Example 4 includes the apparatus as defined in example 3, wherein the type of the packet includes at least one of encrypted or plaintext.

Example 5 includes the apparatus as defined in example 2, wherein one or more of the at least one processor circuit is to generate the microservice instantiation request as a decryption microservice based on a type of the packet.

Example 6 includes the apparatus as defined in example 1, wherein one or more of the at least one processor circuit is to instantiate a first nested network function on the packet at a first time, and cause a second nested network function to execute on the packet at a second time after the first time.

Example 7 includes the apparatus as defined in example 6, wherein one or more of the at least one processor circuit is to instantiate the first nested network function as at least one of a data plane development kit (DPDK) function, an OpenDataPlane (ODP) function or an Express Data Path (XDP) function.

Example 8 includes the apparatus as defined in example 6, wherein one or more of the at least one processor circuit is to determine the second time based on an egress latency value associated with a first processor circuit.

Example 9 includes the apparatus as defined in example 8,

wherein one or more of the at least one processor circuit is to cause the second nested network function to instantiate a polling operation after a duration of the egress latency value.

Example 10 includes the apparatus as defined in example 1, wherein one or more of the at least one processor circuit is to cause the payload to be transmitted to a target processing circuit.

Example 11 includes At least one non-transitory machine-readable medium comprising machine-readable instructions to cause at least one processor circuit to at least transmit a first signal based on a packet, the first signal including characteristics of the packet, and transmit a second signal after the first signal, the second signal including a payload of the packet.

Example 12 includes the at least one non-transitory machine-readable medium as defined in example 11, wherein the machine-readable instructions are to cause one or more of the at least one processor circuit to generate the first signal with a microservice instantiation request.

Example 13 includes the at least one non-transitory machine-readable medium as defined in example 12, wherein the microservice instantiation request is based on a type of the packet.

Example 14 includes the at least one non-transitory machine-readable medium as defined in example 13, wherein the type of the packet includes at least one of encrypted or plaintext.

Example 15 includes the at least one non-transitory machine-readable medium as defined in example 12, wherein the machine-readable instructions are to cause one or more of the at least one processor circuit to generate the microservice instantiation request as a decryption microservice based on a type of the packet.

Example 16 includes the at least one non-transitory machine-readable medium as defined in example 11, wherein the machine-readable instructions are to cause one or more of the at least one processor circuit to instantiate a first nested network function on the packet at a first time, and cause a second nested network function to execute on the packet at a second time after the first time.

Example 17 includes the at least one non-transitory machine-readable medium as defined in example 16, wherein the machine-readable instructions are to cause one or more of the at least one processor circuit to instantiate the first nested network function as at least one of a data plane development kit (DPDK) function, an OpenDataPlane (ODP) function or an Express Data Path (XDP) function.

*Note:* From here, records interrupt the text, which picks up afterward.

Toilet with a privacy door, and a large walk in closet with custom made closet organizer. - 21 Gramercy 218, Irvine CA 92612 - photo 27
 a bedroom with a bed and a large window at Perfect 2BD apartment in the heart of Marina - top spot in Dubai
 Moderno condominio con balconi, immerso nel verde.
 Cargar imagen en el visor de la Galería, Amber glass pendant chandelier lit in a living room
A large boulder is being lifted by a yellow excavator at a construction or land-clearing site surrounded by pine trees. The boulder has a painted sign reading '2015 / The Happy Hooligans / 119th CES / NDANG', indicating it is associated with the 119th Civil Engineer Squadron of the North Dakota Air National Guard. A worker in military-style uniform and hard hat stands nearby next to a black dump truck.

Example 18 includes the at least one non-transitory machine-readable medium as defined in example 16, wherein the machine-readable instructions are to cause one or more of the at least one processor circuit to determine the second time based on an egress latency value associated with a first processor circuit.

Example 19 includes the at least one non-transitory machine-readable medium as defined in example 18, wherein the machine-readable instructions are to cause one or more of the at least one processor circuit to cause the second nested network function to instantiate a polling operation after a duration of the egress latency value.

Example 20 includes the at least one non-transitory machine-readable medium as defined in example 11, wherein the machine-readable instructions are to cause one or more of the at least one processor circuit to transmit the payload to a target processing circuit.

Example 21 includes a method comprising causing transmission, by at least one processor circuit programmed by at least one instruction, of a first signal based on a packet, the first signal including characteristics of the packet, and causing transmission, by one or more of the at least one processor circuit, of a second signal after the first signal, the second signal including a payload of the packet.

Example 22 includes the method as defined in example 21, further including generating the first signal with a microservice instantiation request.

Example 23 includes the method as defined in example 22, wherein the microservice instantiation request is based on a type of the packet.

Example 24 includes the method as defined in example 23, wherein the type of the packet includes at least one of encrypted or plaintext.

Example 25 includes the method as defined in example 22, further including generating the microservice instantiation request as a decryption microservice based on a type of the packet.

Example 26 includes the method as defined in example 21, further including instantiating a first nested network function on the packet at a first time, and causing a second nested network function to be instantiated on the packet at a second time after the first time.

Example 27 includes the method as defined in example 26, further including instantiating the first nested network function as at least one of a data plane development kit (DPDK) function, an OpenDataPlane (ODP) function or an Express Data Path (XDP) function.

Example 28 includes the method as defined in example 26, further including determining the second time based on an egress latency value associated with a first processor circuit.

Example 29 includes the method as defined in example 28, further including causing the second nested network function to instantiate a polling operation after a duration of the egress latency value.

Example 30 includes the method as defined in example 21, further including causing the payload to be transmitted to a target processing circuit.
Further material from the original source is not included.